Your output should be exactly the lines from the one containing "Brown green tree terk Foto stock" through the final line of the records, both included, with every picture left out.

### [Data to examine]

********************

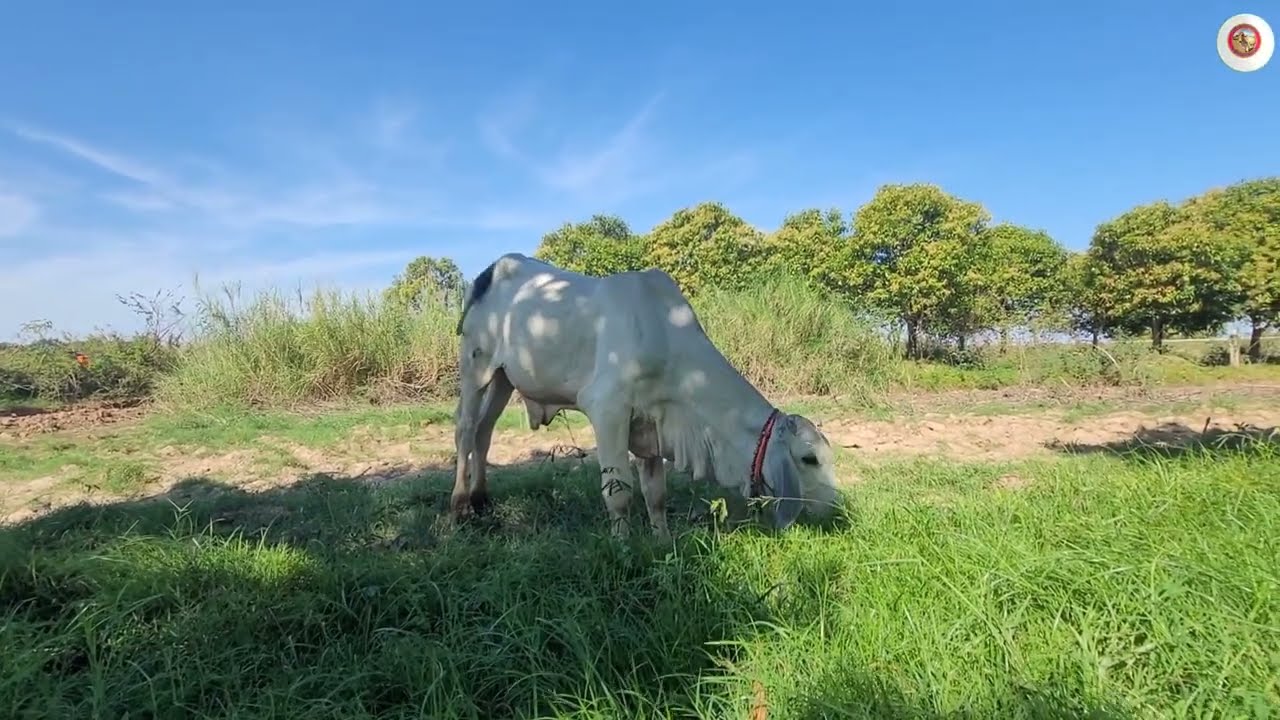 នេះហើយគោតាមជនបទ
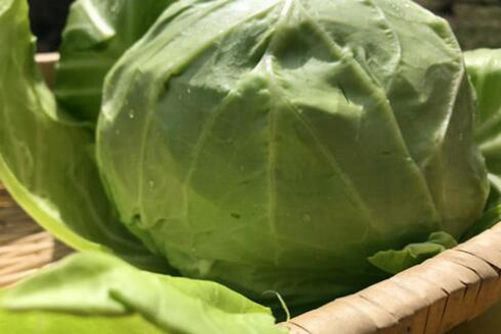 如何挑选圆白菜？吃圆白菜应该注意的事项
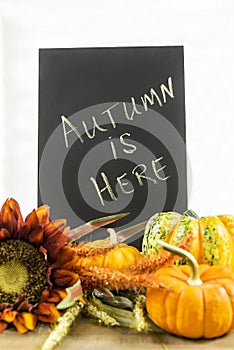 Autumn themed still life with chalkboard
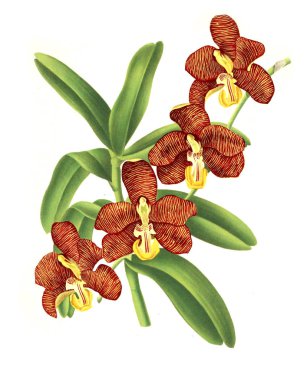 Orkide çiçek beyaz arka plan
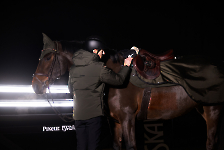 Eskadron / Dynamic Black-Deep Green-Poppy Red-White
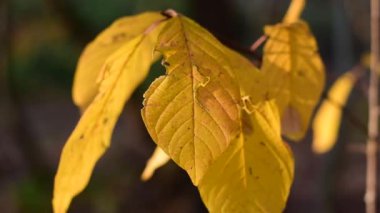 Çok güzel sonbahar sarı yaprakları.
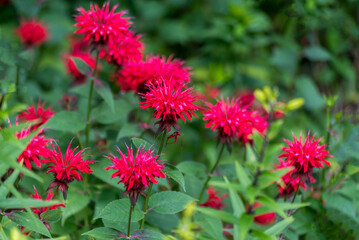 Fototapeta premium Crimson Beebalm growing in the garden in summer in Wisconsin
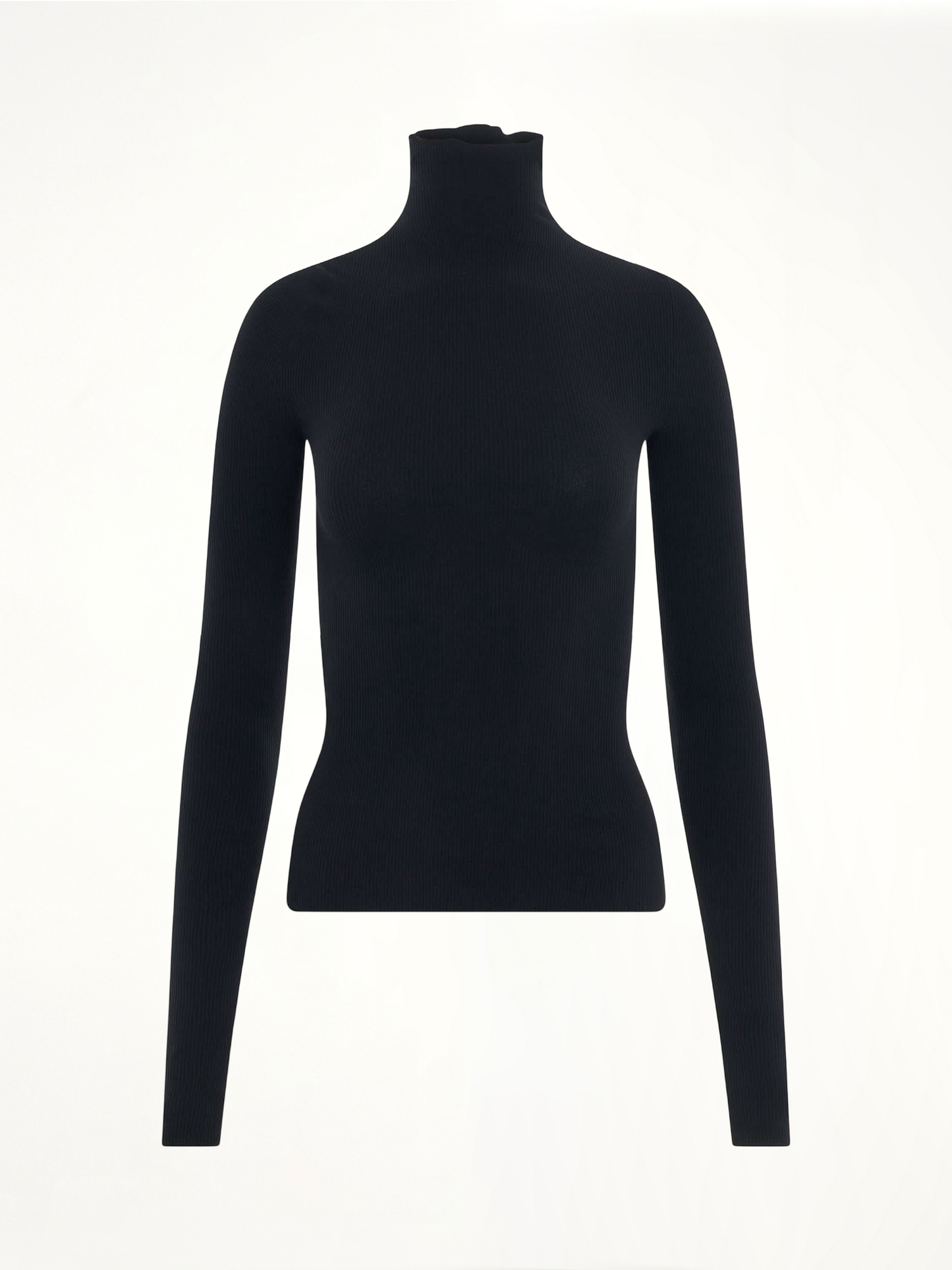 Turtleneck Sweater in Black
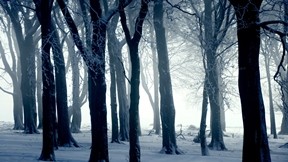 kar,orman,kış,ağaç,sis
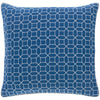 Fenna FEN-002 Woven Pillow in Sky Blue & White by Surya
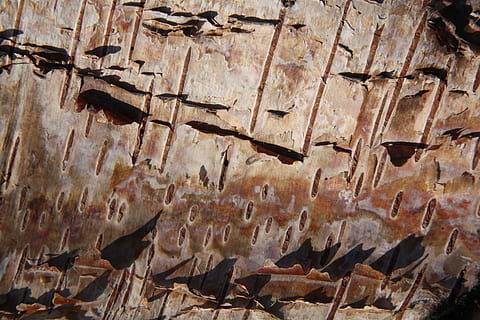 tekstura, srebrna brzoza, brzoza, kora, szczekać, brzozowy, Natura, srebro, drzewo, brzoza, wzór, tło, bagażnik samochodowy, starożytny, rock - obiekt, żadnych ludzi, wewnątrz, zbliżenie, dzień, tła, pełna ramka, na dworze, zbudowana struktura, niski kąt widzenia, architektura, teksturowane, Ściana, brązowy, duża grupa obiektów, światło słoneczne, zwierzę, wiszące, metal, 4K, CC0, domena publiczna, darmowe zdjęcia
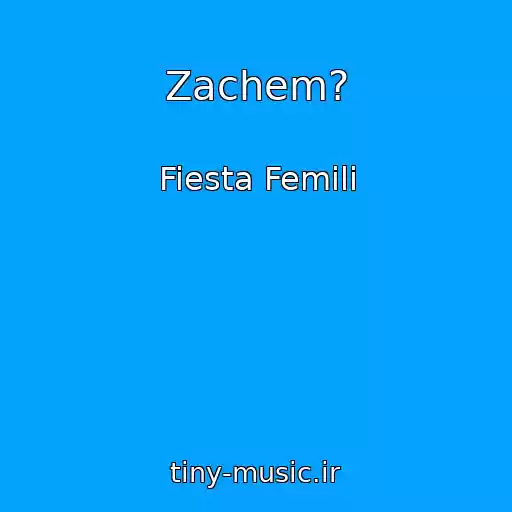 کاور آهنگ Zachem? از Fiesta Femili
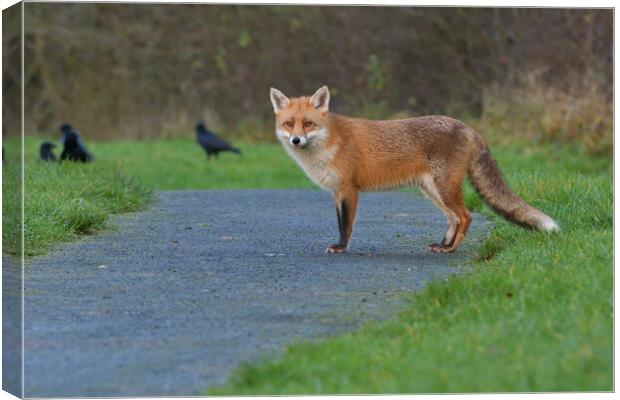 Red Fox (Vulpes Vulpes) on the edge of woodland path Canvas Print by Russell Finney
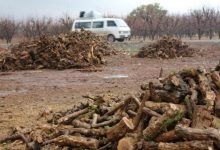 Photo of الاحتلال التركي ومرتزقته مستمرون بقطع الأشجار الزيتون في عفرين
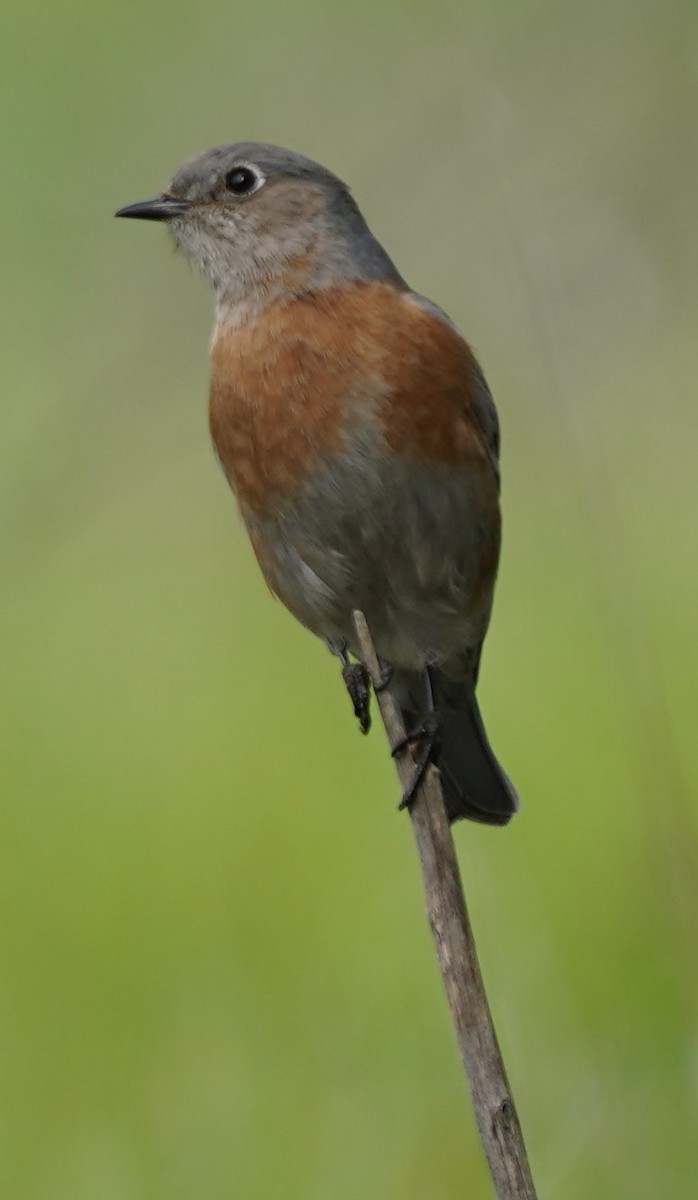 Western Bluebird - Marcia Lincoln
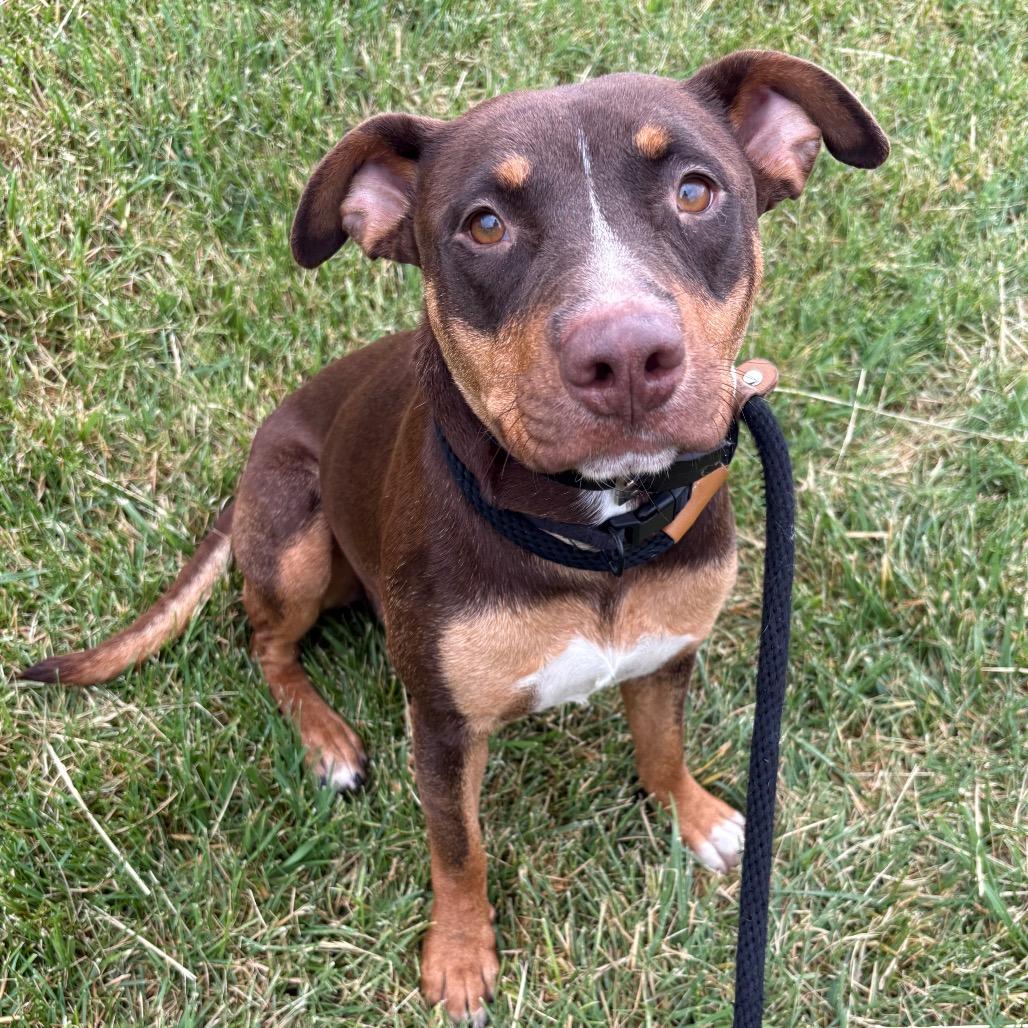 Enlarge Isabelle, a Adoptable mixed breed in St Joseph, MO image 3/5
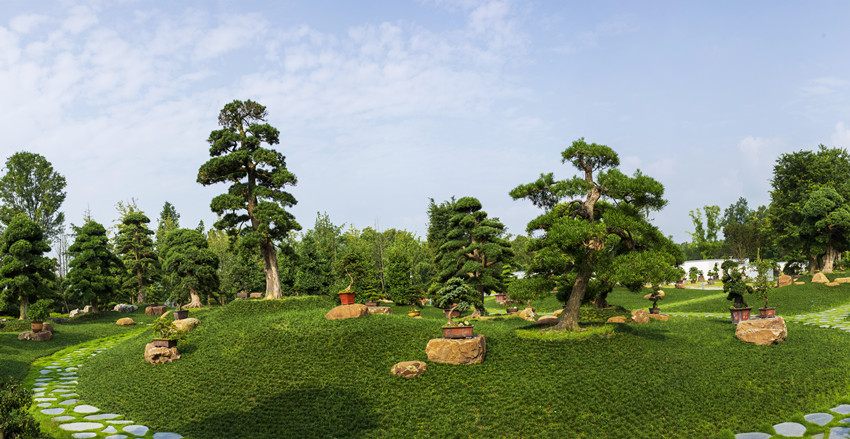 川派盆景。郫都融媒供圖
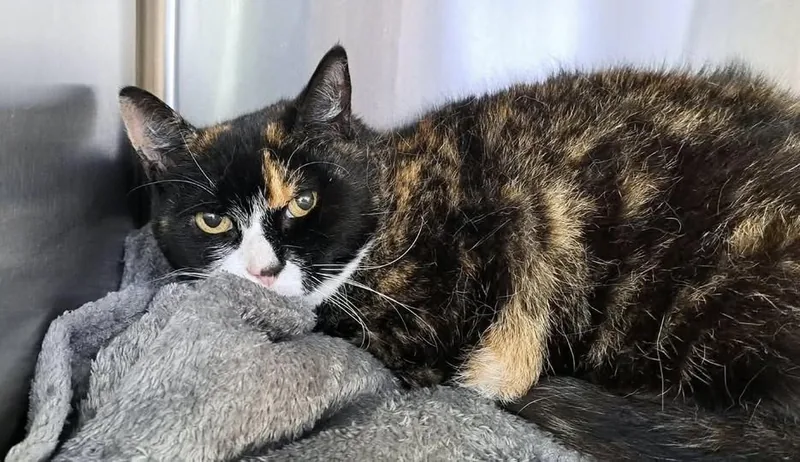 Found Cat in Birmingham, England — listing photo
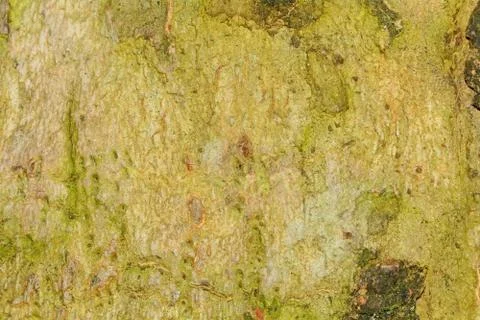 Brown green tree terk Foto stock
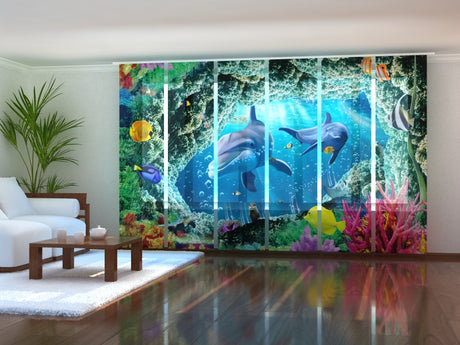 acquistare  — Foto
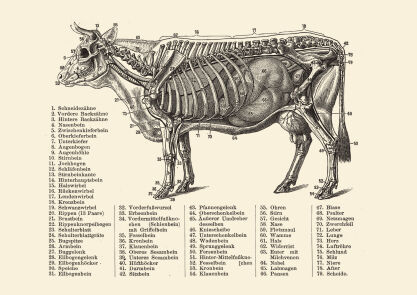 Plakat grafika ZWIERZĘTA Budowa Anatomia krowy Bydło REPRINT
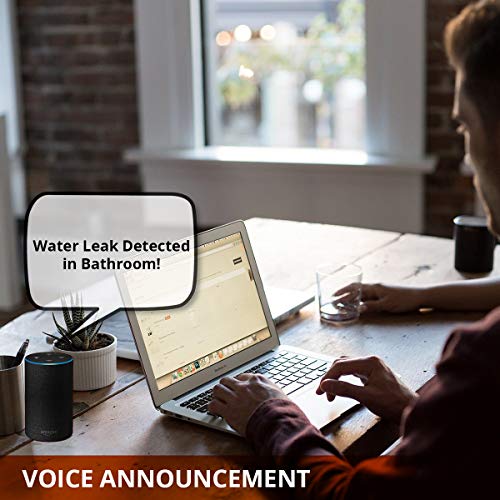 YoLink Smart Home Starter Kit: Amazon's Choice Water Sensor 4-Pack & Hub Kit - Our Best-Selling Original Water Leak… - Image 4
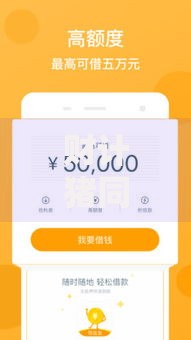 财计猪同系列的贷款口子有哪些选择与申请策略
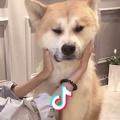 小橘子呢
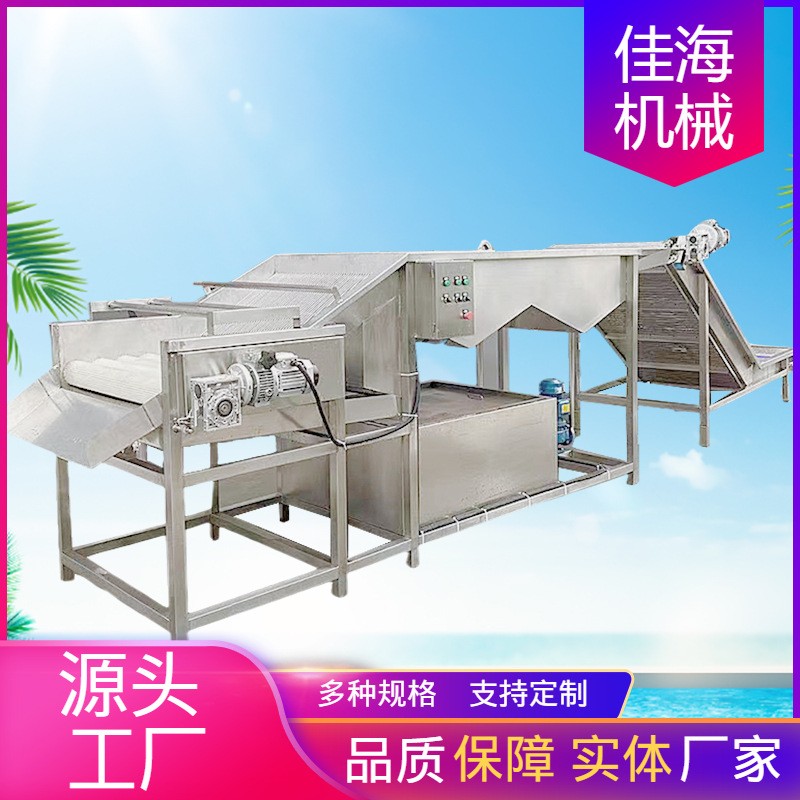 大型生姜清洗設(shè)備 地瓜噴淋式氣泡清洗機(jī) 大姜洋蔥果蔬清洗設(shè)備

********************

### [Result]
 Brown green tree terk Foto stock
 acquistare  — Foto
 Plakat grafika ZWIERZĘTA Budowa Anatomia krowy Bydło REPRINT
 YoLink Smart Home Starter Kit: Amazon's Choice Water Sensor 4-Pack & Hub Kit - Our Best-Selling Original Water Leak… - Image 4
 财计猪同系列的贷款口子有哪些选择与申请策略
 小橘子呢
 大型生姜清洗設(shè)備 地瓜噴淋式氣泡清洗機(jī) 大姜洋蔥果蔬清洗設(shè)備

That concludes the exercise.